How can we ignore errors up to a certain threshold? For example, let’s write code that ignores absolute errors that are less than 1.0:

In [11]:

an_error = .75
abs_error = abs(an_error)
if abs_error < 1.0:
    the_loss = 0.0
else:
    the_loss = abs_error
print(the_loss)
0.0

Now we are going to get fancy. Pay close attention. We can rewrite that with some clever mathematics. Here’s our strategy:

  1. Subtract the threshold value from the absolute error.

  2. If the result is is bigger than zero, keep it. Otherwise, take zero instead.

In [12]:

an_error = 0.75
adj_error = abs(an_error) - 1.0
if adj_error < 0.0:
    the_loss = 0.0
else:
    the_loss = adj_error
print(the_loss)
0.0

Can we summarize that with a single mathematical expression? Look at what happens based on adjusted error. If adj_error < 0.0, we get 0. If adj_error >= 0.0, we get adj_error. Together, those two outcomes are equivalent to taking the bigger value of adj_error or 0. We can do that like:

In [13]:

error = np.linspace(-4, 4, 100)

# here, we ignore errors up to 1.0 by taking bigger value
loss = np.maximum(np.abs(error) - 1.0,
                  np.zeros_like(error))

fig, ax = plt.subplots(1,1,figsize=(4,3))
ax.plot(error, loss)

ax.set_xlabel("Raw Error")
ax.set_ylabel("Hinge Loss");
A graph compares raw error against hinge loss.

Mathematically, we encode it like this: loss = max(|error| – threshold, 0). Let’s take one more second to deconstruct it. First, we subtract the amount of error we are willing to ignore from the raw error. If it takes us to a negative value, then maxing against zero will throw it out. For example, if we have an absolute error of .5 (from a raw error of .5 or –.5) and we subtract 1, we end up with an adjusted error of –1.5. Maxing with 0, we take the 0. We’re left with zero—no cost. If you squint your eyes a bit, and turn your head sideways, you might be able to see a pair of doors with hinges at the kinks in the prior graph. That’s where the name for the hinge loss comes from. When we apply the hinge loss around a known target, we get a band where we don’t care about small differences.

In [14]:

threshold = 2.5

xs = np.linspace(-5,5,100)
ys_true = 3 * xs + 2

fig, ax = plt.subplots(1,1,figsize=(4,3))
ax.plot(xs, ys_true)
ax.fill_between(xs, ys_true-threshold, ys_true+threshold,
                color=(1.0,0,0,.25))

ax.set_xlabel('Input Feature')
ax.set_ylabel('Output Target');
A graph compares the input feature against the output target.

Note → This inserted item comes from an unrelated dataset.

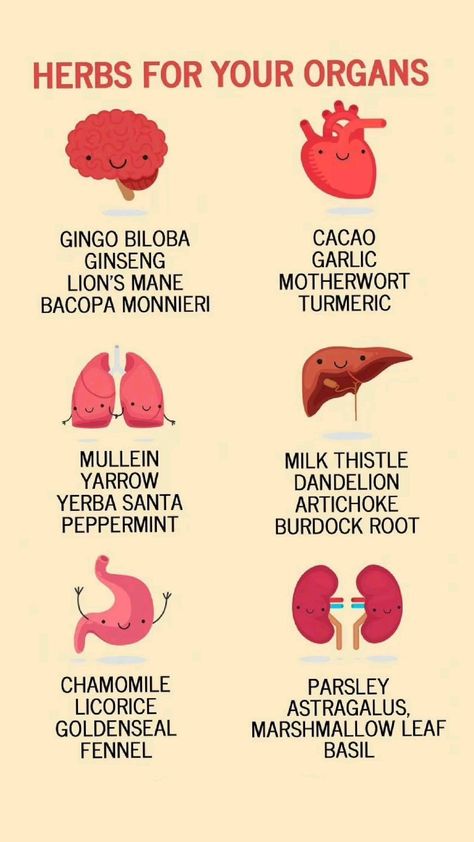 Revitalize Your Vitality: Discover the Top Herbs for Organ Health" African Holistic Health, Holistic Healing For Beginners, Organ Health, Plants Benefits, Holistic Tips, Holistic Healing Natural Treatments, Health Herbs, Oils For Sinus, Witchy Cottagecore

Now, imagine that instead of knowing the relationship (the blue line above), we only have some data that came from noisy measurements around that true line:

In [15]:

threshold = 2.5

xs = np.linspace(-5,5,100)
ys = 3 * xs + 2 + np.random.normal(0, 1.5, 100)
fig, ax = plt.subplots(1,1,figsize=(4,3))
ax.plot(xs, ys, 'o',  color=(0,0,1.0,.5))
ax.fill_between(xs, ys_true - threshold, ys_true + threshold,
                color=(1.0,0,0,.25));
A graph compares the input feature against the output target.

We might consider many potential lines to fit this data. However, the band around the central line captures most of the noise in the data and throws all of those small errors out. The coverage of the band is close to perfect—there are only a few points out of 100 that have enough of a mistake to matter. Admittedly, we cheated when we drew this band: we based it on information (the true line) that we normally don’t have available. The central line may remind you of the maximum margin separator in SVCs.

9.2.2 From Linear Regression to Regularized Regression to Support Vector Regression

We can develop a progression from GOF linear regression to regularized regression to support vector regression. At each of the steps, we add or tweak some part of the basic recipe. Using the xs and ys from above, we can define a few terms and see the progression. We’ll image that we estimated the w1 parameter to be 1.3 and we’ll take C = 1.0. Our band of ignorance—the threshold on the amount of error we tolerate—is ε = .25. That’s a baby Greek epsilon.

In [16]:

# hyperparameters for the scenario
C, epsilon = 1.0, .25

# parameters
weights = np.array([1.3])

We can make our predictions from that w and look at the three losses—square-error, absolute, and hinge losses. I won’t use the absolute loss any further—it’s just there for comparison sake.

In [17]:

# prediction, error, loss
predictions = rdot(weights, xs.reshape(-1, 1))
errors = ys - predictions

loss_sse   = np.sum(errors ** 2)
loss_sae   = np.sum(np.abs(errors))
loss_hinge = np.sum(np.max(np.abs(errors) - epsilon, 0))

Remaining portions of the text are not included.